Na única vez que aterrei em Hong Kong o 11 de setembro ainda não tinha acontecido pelo que vivi com curiosidade, e não com apreensão, essa sensação estranha de estar a pousar no antigo aeroporto entre grandes arranha-céus contornados pela habilidade do piloto. E ao sair para as ruas a referência imediata foi «Blade Runner», o filme de Ridley Scott, baseado num romance de Philip K. Dick: se o olhar tendia a subir na direção das alturas onde pareciam nunca mais acabar os edifícios mais modernos, cá em baixo era a confusão e a sujidade a imperarem. Na altura lembro-me de ter pensado, que as cidades do futuro tenderiam a ser assim, excessivas e contraditórias.
Afinal devo ter-me enganado e, numa semana em que desapareceu Zaha Hadid, cujos edifícios ganharam linhas de uma elegância aerodinâmica de autêntica ficção científica, hoje continuados por tantos outros excelentes reconstrutores da paisagem urbana, reconheço que, embora já não venha a viver o suficiente para tal, imagino as cidades da segunda metade deste século com características arquitetónicas muito diferentes das conhecidas atualmente.
Não deixa de ser curioso o sucesso, que Vhils está a ter na antiga colónia britânica no Mar da China: é que se os arranha-céus tendem a menorizar a presença humana em cidades cada vez mais dominadas pelo seu gigantismo, as obras do artista do Seixal tendem a inverter essa relação de poder aparentemente incontornável. É por isso, que assumem-se como reflexão sobre a interligação entre a identidade de cada individuo e a cidade onde habita. Porque a desumanização de que fala o romance mais recente de Valter Hugo Mãe tem de encontrar resposta num modo de vida ocidental donde os valores da sociabilidade possam ser resgatados.
É certo que, em «O Sentido da Vida», o filme de Miguel Gonçalves Mendes, ainda em fase de rodagem, mostra-se que o pior da civilização humana - as guerras, as xenofobias, o crime, etc. - perdem qualquer relevância vistas de cima, da estação orbital donde um dos protagonistas do filme, um astronauta, a contemplou. Mas, embora não saiba verdadeiramente se é esse o objetivo mais relevante de Vhils ao produzir as suas obras, importa que consigamos elevar a condição humana ao que ela tem de mais sublime (a criatividade, a solidariedade), resgatando-a da tendência para se tornar robotizada por uma sociedade, que gostaria de transformá-la num exército dócil de robots.
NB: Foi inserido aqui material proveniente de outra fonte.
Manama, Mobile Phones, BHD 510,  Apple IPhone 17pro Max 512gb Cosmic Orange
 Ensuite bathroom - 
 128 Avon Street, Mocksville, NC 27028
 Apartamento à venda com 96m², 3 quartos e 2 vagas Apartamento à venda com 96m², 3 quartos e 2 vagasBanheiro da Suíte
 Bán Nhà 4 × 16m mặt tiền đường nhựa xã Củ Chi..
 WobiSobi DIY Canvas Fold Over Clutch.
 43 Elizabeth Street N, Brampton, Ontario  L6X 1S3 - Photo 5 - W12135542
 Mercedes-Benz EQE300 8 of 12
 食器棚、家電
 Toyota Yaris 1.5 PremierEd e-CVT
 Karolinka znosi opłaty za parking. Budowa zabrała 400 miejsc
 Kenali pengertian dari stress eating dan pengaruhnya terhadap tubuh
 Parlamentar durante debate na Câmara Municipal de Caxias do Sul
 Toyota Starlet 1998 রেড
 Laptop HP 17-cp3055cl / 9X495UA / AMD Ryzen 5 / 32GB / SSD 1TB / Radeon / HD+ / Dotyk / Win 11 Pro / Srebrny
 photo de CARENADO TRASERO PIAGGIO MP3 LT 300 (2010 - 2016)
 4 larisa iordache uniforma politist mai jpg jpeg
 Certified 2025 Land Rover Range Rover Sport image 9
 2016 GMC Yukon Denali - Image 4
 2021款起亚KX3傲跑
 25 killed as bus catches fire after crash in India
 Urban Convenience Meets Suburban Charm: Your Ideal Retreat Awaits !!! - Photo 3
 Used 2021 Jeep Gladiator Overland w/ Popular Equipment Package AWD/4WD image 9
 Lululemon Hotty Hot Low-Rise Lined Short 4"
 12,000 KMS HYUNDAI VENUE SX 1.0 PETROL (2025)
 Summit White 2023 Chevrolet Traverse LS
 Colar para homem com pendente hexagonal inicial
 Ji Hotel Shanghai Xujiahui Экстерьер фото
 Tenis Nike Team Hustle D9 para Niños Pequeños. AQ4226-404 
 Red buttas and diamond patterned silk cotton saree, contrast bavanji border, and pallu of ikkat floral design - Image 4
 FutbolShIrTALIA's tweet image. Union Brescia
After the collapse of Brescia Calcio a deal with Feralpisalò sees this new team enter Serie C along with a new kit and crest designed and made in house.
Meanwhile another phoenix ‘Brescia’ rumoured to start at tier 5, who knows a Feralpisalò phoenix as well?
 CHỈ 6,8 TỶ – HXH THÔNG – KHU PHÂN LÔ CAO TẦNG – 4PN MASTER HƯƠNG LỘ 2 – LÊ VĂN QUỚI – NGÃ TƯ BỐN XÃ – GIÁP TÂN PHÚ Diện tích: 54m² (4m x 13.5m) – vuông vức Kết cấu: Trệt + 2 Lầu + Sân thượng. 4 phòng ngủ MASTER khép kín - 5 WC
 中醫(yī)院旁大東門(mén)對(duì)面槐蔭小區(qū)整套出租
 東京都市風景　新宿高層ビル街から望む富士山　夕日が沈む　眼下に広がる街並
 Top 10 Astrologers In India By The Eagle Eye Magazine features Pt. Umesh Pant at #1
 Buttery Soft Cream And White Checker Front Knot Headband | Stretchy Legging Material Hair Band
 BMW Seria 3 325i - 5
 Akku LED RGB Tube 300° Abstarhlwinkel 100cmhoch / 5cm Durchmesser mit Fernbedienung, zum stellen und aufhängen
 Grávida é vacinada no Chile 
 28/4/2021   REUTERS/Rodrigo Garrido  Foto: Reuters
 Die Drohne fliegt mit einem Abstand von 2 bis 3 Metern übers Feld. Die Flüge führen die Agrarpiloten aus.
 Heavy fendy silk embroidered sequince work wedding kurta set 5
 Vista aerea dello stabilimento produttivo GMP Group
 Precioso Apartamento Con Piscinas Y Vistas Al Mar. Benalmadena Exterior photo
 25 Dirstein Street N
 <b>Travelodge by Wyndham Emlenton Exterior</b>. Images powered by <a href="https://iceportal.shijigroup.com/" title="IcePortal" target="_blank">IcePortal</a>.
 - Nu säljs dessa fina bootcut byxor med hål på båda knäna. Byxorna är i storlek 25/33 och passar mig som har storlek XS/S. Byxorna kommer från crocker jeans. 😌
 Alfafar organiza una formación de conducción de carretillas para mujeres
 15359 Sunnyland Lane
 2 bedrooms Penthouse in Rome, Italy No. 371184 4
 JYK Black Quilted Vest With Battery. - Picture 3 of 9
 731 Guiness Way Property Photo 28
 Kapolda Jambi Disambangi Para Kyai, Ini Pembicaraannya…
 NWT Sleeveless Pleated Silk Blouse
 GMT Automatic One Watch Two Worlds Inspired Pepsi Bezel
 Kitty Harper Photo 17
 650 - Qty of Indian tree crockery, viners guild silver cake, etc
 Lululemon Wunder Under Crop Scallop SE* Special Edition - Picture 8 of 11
E, curiosamente, a arquitetura recente de que Hadid foi uma das mais estimulantes criadoras, até acaba por sinalizar essa diferenciação, porque ao habitar uma cidade feita de edifícios dissemelhantes uns dos outros, é a própria identidade dos que neles habitam ou trabalham, a refletir essa especificidade criativa. Ou não será?